Showing posts with label Antonio Muñoz Molina. Show all posts
Showing posts with label Antonio Muñoz Molina. Show all posts

Friday, February 13, 2009

Antonio Muñoz Molina: A Manuscript Of Ashes

Colin Fleming reviews Antonio Muñoz Molina's A Manuscript Of Ashes

Riddle, sham, requiem, detective story - Antonio Muñoz Molina's novel "A Manuscript of Ashes" is one nasty revenge tale, bound to trip up readers as mercilessly as it flogs its characters. Simply, this is an exercise in psychological horror, a study of how far one man and his accomplice will go to crush the literary ideals of another - for sport, spite and inspiration.
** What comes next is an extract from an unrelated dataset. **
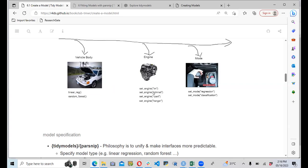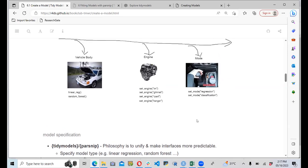Within set_engine(), we specify the engine being used for modeling: if it's a linear model, it's LM; if it's glmnet, it's glmnet; or RPART or Ranger for tree-based models. The mode depends on the type of response variable. If the response variable is continuous, we know we are dealing with regression; if we have zeros and ones, or yes and no, we are dealing with a classification problem and use set_mode('classification'). Tidymodels has a good RStudio add-in that generates a skeletal model structure automatically.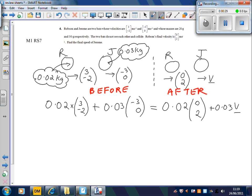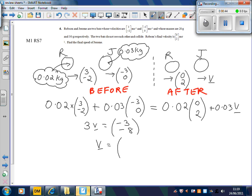Now if you tidy all that up, multiplying through by 100 is useful. You end up with 3v equals minus 3, minus 8, and so the vector v is minus 1, minus 8 over 3.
The story begins in a darkened bedroom, in Mágina, Spain, where an unknown first-person narrator commands his lover, Inés, to leave. We have no idea who this narrator is, nor will we until 300 pages later, after he has made his horrible revelation plain to Minaya, a young man who has come to Mágina to escape the police for his role in the Madrid student protests of 1969. In Mágina, he boards with his uncle, Manuel, under the pretense of writing a dissertation about Jacinto Solana, an agitprop poet who had lived in the house and was later assassinated. Both Solana and Manuel were in love with Mariana, a temptress who married Manuel and was ostensibly killed on her wedding night by a stray bullet from a rooftop exchange of gunfire. Determined to find Solana's lost novel, Minaya instead enters into the role of civilian detective, convincing himself that either his literary hero or his uncle was a murderer.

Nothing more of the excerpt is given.